Top of Given data

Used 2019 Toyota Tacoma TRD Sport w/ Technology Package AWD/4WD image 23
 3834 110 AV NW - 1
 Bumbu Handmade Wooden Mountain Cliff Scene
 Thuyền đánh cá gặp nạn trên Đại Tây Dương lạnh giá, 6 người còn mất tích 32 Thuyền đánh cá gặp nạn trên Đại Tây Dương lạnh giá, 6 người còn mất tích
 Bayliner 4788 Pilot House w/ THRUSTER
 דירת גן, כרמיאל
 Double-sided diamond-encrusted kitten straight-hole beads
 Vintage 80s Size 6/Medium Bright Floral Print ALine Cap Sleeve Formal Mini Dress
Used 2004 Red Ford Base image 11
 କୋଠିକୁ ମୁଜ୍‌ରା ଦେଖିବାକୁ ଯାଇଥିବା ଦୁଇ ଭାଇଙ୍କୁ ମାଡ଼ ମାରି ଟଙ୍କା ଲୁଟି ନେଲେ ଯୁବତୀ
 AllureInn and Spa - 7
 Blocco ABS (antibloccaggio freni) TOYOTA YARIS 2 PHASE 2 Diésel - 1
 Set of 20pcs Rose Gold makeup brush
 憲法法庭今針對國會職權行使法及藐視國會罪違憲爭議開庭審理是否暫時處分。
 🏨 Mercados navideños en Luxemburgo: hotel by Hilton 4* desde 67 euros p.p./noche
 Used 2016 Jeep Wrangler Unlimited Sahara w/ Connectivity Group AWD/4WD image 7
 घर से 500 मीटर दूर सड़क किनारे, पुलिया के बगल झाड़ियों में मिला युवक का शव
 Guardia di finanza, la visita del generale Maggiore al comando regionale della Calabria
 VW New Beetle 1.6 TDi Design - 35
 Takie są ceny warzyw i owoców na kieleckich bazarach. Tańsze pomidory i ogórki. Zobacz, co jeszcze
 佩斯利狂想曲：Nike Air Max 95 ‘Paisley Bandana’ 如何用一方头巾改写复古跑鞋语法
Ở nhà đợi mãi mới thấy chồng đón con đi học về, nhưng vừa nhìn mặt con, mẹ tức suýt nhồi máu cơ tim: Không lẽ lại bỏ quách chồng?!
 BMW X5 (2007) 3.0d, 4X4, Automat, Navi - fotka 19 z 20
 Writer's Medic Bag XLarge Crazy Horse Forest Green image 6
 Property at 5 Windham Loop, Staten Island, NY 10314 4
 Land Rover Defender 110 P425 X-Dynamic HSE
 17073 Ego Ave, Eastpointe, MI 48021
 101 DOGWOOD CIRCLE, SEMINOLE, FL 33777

Bottom of Given data

Problem to solve:
Transcribe the data above completely and exactly.

Solution:
Used 2019 Toyota Tacoma TRD Sport w/ Technology Package AWD/4WD image 23
 3834 110 AV NW - 1
 Bumbu Handmade Wooden Mountain Cliff Scene
 Thuyền đánh cá gặp nạn trên Đại Tây Dương lạnh giá, 6 người còn mất tích 32 Thuyền đánh cá gặp nạn trên Đại Tây Dương lạnh giá, 6 người còn mất tích
 Bayliner 4788 Pilot House w/ THRUSTER
 דירת גן, כרמיאל
 Double-sided diamond-encrusted kitten straight-hole beads
 Vintage 80s Size 6/Medium Bright Floral Print ALine Cap Sleeve Formal Mini Dress
Used 2004 Red Ford Base image 11
 କୋଠିକୁ ମୁଜ୍‌ରା ଦେଖିବାକୁ ଯାଇଥିବା ଦୁଇ ଭାଇଙ୍କୁ ମାଡ଼ ମାରି ଟଙ୍କା ଲୁଟି ନେଲେ ଯୁବତୀ
 AllureInn and Spa - 7
 Blocco ABS (antibloccaggio freni) TOYOTA YARIS 2 PHASE 2 Diésel - 1
 Set of 20pcs Rose Gold makeup brush
 憲法法庭今針對國會職權行使法及藐視國會罪違憲爭議開庭審理是否暫時處分。
 🏨 Mercados navideños en Luxemburgo: hotel by Hilton 4* desde 67 euros p.p./noche
 Used 2016 Jeep Wrangler Unlimited Sahara w/ Connectivity Group AWD/4WD image 7
 घर से 500 मीटर दूर सड़क किनारे, पुलिया के बगल झाड़ियों में मिला युवक का शव
 Guardia di finanza, la visita del generale Maggiore al comando regionale della Calabria
 VW New Beetle 1.6 TDi Design - 35
 Takie są ceny warzyw i owoców na kieleckich bazarach. Tańsze pomidory i ogórki. Zobacz, co jeszcze
 佩斯利狂想曲：Nike Air Max 95 ‘Paisley Bandana’ 如何用一方头巾改写复古跑鞋语法
Ở nhà đợi mãi mới thấy chồng đón con đi học về, nhưng vừa nhìn mặt con, mẹ tức suýt nhồi máu cơ tim: Không lẽ lại bỏ quách chồng?!
 BMW X5 (2007) 3.0d, 4X4, Automat, Navi - fotka 19 z 20
 Writer's Medic Bag XLarge Crazy Horse Forest Green image 6
 Property at 5 Windham Loop, Staten Island, NY 10314 4
 Land Rover Defender 110 P425 X-Dynamic HSE
 17073 Ego Ave, Eastpointe, MI 48021
 101 DOGWOOD CIRCLE, SEMINOLE, FL 33777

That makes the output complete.